# heavy 10 spindle bearings



## oscer (Feb 8, 2011)

Maybe it's just me but it seems that frequently,I get chatter on a turning that seems to be comming directly from the spindle bearings. I don't have a dial test indicator that reads .0001s so I used an indicator that reads .001 and pulled real hard on a broom stick that was sticking thru the spindle it showed only .001 movement. I would like to buy a good test indicator and check this out again. So my question to you south bend owners is: do you feel under machined by these old cast iron type spindle bearings?(mine is a1943 model). If I do see more than .0013 of movement with a better indicator can I take shims out and be back in business? If any of you have any comments on this topic I would like to hear them. Thanks oscer


----------



## HSS (Feb 9, 2011)

Mumbles is correct, as a mater of fact South Bend says to check both the front spindle bearing and the REAR spindle bearing the same way but I don't think they had a broom handle in mind since you should put about 75 lbs of force on the spindle bearings.

Pat


----------



## oscer (Feb 9, 2011)

Yea I read that you should put 75 lbs of force I think it said at 18 inches from the bearing with a test indicator on the spindle. It does always sound like it's comming from the rear bearing. I ran it for acouple of hrs. today with no hint of the problem. maybe it just happens when for whatever reason the oil film between the spindle and bearings hasn't come up to pressure yet.I just don't know.
So what did you do to correct the problem with the rear bearing Mumbles?


----------



## oscer (Feb 11, 2011)

Thanks Mumbles, Yea they're cast iron I think. there is nothing between the cap and the spindle or the spindle and the head stock. There are both brass shims and paper shims under the caps. I think before I start removing any shims I'm going to invest in a test indicator, its something I've been wanting to buy anyway. and do the 75 lb test again then go from there. I like the idea about cig. papers. they would make some fine adjustments. I did replace the felts when I first bought the lathe.Thanks again for the advise. oscer


----------



## oscer (Feb 25, 2011)

Hi fellas, the UPS man just dropped off a Mitutoyo 513-104 this morning so I put it on the outboard end of my spindle and it showed .0026" of slop when I pulled real hard on a broom handle ( I keep one setting by the lathe to knock out the MT adapter). I'm not sure how to apply 75# of force here, maybe with a torque wrench and some kind of adapter, or possibly with a hanging type scale. At any rate I just lifted up on the broom handle till the indicator stopped moving. When I checked it a couple of months ago with a .001 res. indicator it only showed .001" of movement. I also pushed down and it only moved a couple of tenths. didn't check the other end yet no time today. Just did this quickly cause of curiosity. I assume if I remove shims to close the gap here I should remove them from both sides of the bearing.


----------



## oscer (Feb 26, 2011)

Knudsen, good plan some times the simple solutions never occur to me :-[

Jim, I had the same problem,it was so loosse Icoud turn it with my fingers. Tightening it helped but I still need to do the bearing job.


----------



## HSS (Feb 27, 2011)

knudsen link=topic=763.msg5504#msg5504 date=1298732870 said:
			
		

> I would use a pipe with 3ft extending past the spindle and put 25# of bar bell weight on the end.

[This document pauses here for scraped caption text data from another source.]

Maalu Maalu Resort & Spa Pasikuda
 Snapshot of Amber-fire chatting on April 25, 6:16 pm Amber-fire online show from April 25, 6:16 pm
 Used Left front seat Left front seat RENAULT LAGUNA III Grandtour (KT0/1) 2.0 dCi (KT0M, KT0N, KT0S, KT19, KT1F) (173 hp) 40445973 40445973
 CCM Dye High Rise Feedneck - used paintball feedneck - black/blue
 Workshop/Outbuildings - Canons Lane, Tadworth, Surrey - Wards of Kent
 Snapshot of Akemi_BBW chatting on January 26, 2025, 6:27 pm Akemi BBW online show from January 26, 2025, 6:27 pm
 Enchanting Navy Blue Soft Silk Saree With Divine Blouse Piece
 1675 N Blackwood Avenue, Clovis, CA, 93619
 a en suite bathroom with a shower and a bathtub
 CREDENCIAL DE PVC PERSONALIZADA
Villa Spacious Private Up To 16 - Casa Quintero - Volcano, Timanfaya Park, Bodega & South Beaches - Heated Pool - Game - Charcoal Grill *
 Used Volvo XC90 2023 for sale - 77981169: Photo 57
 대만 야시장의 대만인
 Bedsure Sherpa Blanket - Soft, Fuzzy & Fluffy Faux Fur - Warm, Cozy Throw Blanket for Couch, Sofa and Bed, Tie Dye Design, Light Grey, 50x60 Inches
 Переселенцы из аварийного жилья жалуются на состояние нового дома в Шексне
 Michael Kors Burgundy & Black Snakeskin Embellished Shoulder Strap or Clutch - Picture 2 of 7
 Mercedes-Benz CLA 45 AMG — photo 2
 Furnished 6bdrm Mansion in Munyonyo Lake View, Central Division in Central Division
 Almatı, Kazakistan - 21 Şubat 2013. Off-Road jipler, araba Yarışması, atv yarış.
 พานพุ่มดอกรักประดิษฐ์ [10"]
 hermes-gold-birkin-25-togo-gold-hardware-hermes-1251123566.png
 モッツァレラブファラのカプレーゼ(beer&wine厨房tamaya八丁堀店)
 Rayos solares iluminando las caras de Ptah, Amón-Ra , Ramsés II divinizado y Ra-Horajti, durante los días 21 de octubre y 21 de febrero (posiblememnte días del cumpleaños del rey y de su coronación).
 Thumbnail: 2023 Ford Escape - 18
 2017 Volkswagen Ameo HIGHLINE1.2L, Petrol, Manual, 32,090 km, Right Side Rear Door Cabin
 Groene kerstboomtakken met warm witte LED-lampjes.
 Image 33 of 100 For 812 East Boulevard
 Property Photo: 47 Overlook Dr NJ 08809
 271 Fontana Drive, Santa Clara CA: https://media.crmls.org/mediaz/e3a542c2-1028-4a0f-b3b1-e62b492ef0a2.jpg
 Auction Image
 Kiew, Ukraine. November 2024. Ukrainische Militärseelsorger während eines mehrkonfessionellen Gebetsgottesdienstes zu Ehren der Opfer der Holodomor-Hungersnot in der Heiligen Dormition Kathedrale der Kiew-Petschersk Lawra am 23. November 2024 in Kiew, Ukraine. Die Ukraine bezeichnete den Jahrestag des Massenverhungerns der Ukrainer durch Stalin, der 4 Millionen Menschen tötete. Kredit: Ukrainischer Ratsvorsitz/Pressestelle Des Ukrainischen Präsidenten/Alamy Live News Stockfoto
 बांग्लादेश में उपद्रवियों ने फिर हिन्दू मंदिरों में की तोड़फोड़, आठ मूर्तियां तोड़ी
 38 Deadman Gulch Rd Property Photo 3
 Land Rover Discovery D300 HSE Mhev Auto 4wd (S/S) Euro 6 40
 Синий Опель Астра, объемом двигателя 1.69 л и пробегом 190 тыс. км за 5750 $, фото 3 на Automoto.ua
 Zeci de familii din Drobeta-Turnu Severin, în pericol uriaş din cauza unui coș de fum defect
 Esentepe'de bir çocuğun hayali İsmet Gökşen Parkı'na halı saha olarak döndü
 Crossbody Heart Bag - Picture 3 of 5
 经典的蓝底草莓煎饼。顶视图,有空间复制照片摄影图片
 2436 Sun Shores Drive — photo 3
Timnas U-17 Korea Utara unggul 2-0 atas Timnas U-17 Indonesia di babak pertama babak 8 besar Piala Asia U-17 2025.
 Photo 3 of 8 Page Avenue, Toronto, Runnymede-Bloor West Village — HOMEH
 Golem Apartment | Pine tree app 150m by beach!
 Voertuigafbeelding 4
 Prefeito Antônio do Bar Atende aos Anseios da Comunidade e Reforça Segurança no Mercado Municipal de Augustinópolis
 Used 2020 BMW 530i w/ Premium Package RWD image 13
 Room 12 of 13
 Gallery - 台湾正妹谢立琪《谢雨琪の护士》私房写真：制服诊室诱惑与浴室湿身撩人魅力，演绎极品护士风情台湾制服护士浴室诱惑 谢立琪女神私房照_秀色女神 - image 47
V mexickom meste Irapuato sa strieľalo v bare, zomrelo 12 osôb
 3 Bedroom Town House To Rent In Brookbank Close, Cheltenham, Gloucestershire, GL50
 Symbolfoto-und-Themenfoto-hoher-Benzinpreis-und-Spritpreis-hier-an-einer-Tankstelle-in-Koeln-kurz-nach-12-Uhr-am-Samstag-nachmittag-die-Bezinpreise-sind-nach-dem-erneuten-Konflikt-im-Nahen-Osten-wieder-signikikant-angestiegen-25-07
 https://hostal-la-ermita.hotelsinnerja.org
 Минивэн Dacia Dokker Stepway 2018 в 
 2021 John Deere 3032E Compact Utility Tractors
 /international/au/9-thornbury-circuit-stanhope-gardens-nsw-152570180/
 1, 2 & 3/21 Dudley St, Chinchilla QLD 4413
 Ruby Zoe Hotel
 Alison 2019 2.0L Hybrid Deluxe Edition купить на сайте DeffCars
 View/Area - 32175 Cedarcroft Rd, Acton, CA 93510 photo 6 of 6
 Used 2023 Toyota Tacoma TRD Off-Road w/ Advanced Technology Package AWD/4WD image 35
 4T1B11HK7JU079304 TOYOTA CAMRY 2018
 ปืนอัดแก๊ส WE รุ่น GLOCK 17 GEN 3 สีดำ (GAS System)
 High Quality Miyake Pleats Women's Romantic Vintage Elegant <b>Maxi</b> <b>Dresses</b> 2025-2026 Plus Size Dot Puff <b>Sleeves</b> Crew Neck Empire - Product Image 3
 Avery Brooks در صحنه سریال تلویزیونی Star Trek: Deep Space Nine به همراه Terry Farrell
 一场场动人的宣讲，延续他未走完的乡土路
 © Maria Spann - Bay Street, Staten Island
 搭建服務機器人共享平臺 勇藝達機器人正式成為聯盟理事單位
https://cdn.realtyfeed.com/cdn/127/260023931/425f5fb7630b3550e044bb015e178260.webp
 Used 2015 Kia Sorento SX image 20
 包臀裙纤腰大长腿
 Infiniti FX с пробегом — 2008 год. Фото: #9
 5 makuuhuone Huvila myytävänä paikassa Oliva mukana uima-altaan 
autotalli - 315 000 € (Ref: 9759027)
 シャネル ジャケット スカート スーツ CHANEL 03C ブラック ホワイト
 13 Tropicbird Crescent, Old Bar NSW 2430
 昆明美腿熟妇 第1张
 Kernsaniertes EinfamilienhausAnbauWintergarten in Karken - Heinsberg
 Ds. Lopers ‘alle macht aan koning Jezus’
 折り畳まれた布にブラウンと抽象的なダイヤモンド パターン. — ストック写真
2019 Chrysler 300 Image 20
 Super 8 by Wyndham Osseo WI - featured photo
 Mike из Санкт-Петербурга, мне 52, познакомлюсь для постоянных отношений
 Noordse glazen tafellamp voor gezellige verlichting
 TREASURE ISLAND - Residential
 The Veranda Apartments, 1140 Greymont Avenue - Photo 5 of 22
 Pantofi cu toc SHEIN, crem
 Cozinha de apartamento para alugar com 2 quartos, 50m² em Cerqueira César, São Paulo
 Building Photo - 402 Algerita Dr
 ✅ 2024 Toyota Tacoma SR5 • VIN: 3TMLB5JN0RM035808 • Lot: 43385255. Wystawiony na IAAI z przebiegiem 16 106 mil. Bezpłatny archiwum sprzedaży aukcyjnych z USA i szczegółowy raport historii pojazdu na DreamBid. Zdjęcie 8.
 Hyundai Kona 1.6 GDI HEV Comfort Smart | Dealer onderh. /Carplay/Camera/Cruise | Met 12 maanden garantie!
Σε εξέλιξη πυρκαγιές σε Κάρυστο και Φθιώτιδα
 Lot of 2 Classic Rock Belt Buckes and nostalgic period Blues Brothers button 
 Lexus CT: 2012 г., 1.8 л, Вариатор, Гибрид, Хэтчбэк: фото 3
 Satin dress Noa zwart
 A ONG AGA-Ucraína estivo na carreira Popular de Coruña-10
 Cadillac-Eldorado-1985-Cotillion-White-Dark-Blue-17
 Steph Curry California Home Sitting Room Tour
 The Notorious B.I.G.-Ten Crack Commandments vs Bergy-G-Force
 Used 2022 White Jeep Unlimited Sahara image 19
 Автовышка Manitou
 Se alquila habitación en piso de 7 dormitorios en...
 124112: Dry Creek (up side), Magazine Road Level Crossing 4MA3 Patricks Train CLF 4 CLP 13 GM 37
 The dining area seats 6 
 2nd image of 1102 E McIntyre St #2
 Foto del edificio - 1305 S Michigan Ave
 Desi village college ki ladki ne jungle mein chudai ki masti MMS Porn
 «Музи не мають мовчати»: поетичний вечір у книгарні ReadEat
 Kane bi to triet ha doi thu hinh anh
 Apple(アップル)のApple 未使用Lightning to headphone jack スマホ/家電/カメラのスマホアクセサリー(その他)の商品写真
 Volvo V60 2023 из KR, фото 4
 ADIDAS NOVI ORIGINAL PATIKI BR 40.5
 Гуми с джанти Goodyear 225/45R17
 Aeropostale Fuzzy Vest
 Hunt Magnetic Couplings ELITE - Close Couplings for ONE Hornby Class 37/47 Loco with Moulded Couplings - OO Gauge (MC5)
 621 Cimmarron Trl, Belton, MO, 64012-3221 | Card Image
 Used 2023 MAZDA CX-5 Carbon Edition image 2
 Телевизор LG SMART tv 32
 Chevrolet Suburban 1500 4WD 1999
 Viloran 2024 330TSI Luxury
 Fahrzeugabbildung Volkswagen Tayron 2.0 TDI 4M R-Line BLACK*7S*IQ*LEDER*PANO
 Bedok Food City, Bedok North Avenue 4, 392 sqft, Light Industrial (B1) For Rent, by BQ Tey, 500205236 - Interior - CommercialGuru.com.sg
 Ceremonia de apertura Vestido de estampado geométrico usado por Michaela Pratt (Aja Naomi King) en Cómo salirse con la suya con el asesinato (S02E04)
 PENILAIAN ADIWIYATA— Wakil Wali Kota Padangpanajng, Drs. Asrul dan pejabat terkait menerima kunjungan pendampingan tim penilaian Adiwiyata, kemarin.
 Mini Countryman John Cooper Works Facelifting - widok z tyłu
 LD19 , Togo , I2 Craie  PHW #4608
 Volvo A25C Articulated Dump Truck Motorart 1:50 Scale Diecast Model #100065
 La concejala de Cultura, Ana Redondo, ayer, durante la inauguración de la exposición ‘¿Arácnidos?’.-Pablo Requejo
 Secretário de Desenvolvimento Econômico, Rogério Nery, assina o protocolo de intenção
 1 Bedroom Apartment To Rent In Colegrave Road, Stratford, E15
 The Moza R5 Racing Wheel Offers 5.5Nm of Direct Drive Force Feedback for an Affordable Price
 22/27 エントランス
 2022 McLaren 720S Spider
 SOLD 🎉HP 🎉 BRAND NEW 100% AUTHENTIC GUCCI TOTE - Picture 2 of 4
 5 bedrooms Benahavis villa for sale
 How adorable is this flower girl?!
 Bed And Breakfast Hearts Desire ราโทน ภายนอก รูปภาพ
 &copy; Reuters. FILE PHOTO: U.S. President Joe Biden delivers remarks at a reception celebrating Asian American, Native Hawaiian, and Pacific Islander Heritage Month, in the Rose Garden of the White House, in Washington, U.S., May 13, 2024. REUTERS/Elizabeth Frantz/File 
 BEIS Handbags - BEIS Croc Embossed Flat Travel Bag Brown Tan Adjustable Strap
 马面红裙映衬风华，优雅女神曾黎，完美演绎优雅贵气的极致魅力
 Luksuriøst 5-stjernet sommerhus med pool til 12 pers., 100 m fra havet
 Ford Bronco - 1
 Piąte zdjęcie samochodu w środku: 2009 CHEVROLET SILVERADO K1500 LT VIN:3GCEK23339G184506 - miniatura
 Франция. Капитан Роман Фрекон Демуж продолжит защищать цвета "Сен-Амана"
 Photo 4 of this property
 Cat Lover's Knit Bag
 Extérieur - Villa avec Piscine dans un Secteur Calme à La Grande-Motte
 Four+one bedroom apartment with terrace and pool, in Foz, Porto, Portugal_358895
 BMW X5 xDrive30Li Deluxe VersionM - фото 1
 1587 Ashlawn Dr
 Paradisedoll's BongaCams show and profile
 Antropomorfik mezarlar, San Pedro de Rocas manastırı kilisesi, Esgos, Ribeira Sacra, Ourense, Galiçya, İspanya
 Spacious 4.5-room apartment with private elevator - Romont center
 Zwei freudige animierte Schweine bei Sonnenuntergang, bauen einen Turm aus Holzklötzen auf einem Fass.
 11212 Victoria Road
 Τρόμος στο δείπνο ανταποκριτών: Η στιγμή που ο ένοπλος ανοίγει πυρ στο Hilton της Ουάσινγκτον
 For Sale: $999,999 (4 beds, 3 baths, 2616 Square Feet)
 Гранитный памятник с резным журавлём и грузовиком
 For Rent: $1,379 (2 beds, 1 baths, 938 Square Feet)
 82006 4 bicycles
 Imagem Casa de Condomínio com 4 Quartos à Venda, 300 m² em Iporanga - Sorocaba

You have to lift the bar to check the bearings. What you suggest won't lift the spindle to check the bearings. I am in the process of replacing the shims on my spindle bearing caps and had to climb on top of my chip pan to get 75# of lift on the bearings. I guess I'll work off of a ladder to do the rear bearing. BTW there was only 1 original shim left on either bearing caps, the rest had been replaced with five .006 shim stock on each side. I got it back down to one .006, one .002 and one .001 on each side of the front bearing.


----------



## oscer (Feb 27, 2011)

Your right Blackhorse, I realized that after I got off line and thought about the weight and pipe. When I pushed down on the spindle It only moved a couple of tenths but when I lifted it it moved the .0026" 
Did you get yours to work properly? I guess if you run out of shims you could remove stock from the bottom of the flat surface of the bearing cap.


----------



## HSS (Feb 27, 2011)

No worries, I have plenty of shim stock, just tiring on the hands to cut the stuff.LOL I'm cutting shims by tracing the old shim on the new shim with a carbide scribe and breaking on the scribe line. I have the rear to do yet, when I find time to get back out there.

Pat


----------



## oscer (Feb 27, 2011)

I found a scale that I can borrow to do the job. I'm anxious to see the results, this is the biggest issue I have with the lathe so far. Hoping for happy turning after I make the adjustment


----------



## oscer (Feb 28, 2011)

Just an up date, I spent some time today removing shims and adding thinner ones. I ended up with .0007 clearance on the front bearing as measured with a hanging scale attached to a piece of conduit 2' from the spindle and lifting to 37.5 # and reading the indicator, and .006 on the rear bearing. I chucked up a piece of mild steel and turned and faced it to see if the lathe worked any better. I think it helped. When I disengage the feed and pick up feeding by hand the tool chattered slightly but I couldn't hear it comming from the rear bearing like before. Will have to see how it acts during future projects but hopefully it will be O.K.


----------